#### Supplied records ####

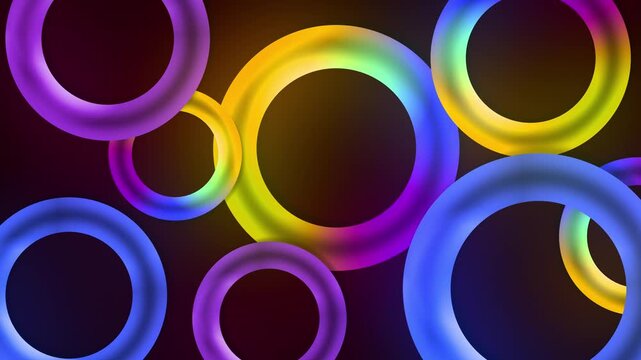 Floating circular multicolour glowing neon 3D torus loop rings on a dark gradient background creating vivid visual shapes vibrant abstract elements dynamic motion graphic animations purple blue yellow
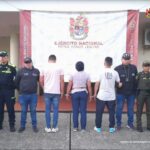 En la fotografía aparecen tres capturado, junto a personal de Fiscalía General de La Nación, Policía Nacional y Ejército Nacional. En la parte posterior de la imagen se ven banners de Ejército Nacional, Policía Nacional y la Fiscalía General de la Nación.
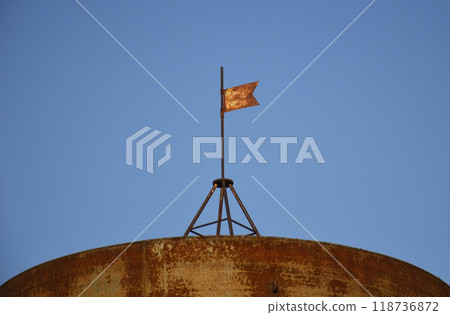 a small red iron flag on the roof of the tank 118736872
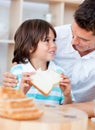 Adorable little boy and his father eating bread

####
#### Supplied records ####

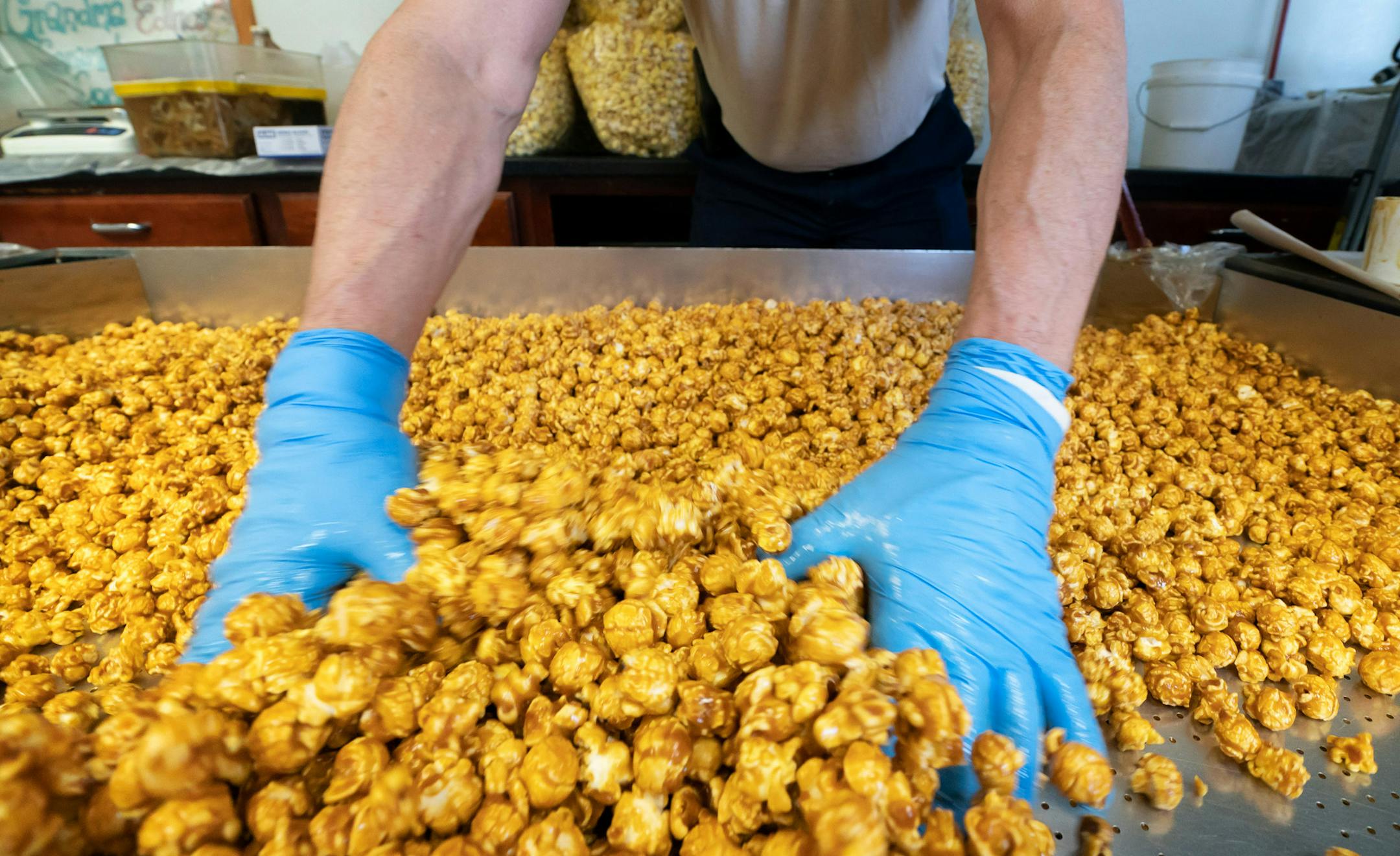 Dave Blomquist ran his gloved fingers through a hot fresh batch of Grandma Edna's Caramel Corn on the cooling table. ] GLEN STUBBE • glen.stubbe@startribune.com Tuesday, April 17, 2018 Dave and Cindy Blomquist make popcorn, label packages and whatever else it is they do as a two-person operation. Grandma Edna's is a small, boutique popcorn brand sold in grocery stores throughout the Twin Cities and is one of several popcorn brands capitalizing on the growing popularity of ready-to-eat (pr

####

- **Task to complete**:
Write out word for word the lines above that run from the one with "Floating circular multicolour" to the one with "a small red". Include both end lines; exclude the images.

- **Solution for this task**:
 Floating circular multicolour glowing neon 3D torus loop rings on a dark gradient background creating vivid visual shapes vibrant abstract elements dynamic motion graphic animations purple blue yellow
 En la fotografía aparecen tres capturado, junto a personal de Fiscalía General de La Nación, Policía Nacional y Ejército Nacional. En la parte posterior de la imagen se ven banners de Ejército Nacional, Policía Nacional y la Fiscalía General de la Nación.
 a small red iron flag on the roof of the tank 118736872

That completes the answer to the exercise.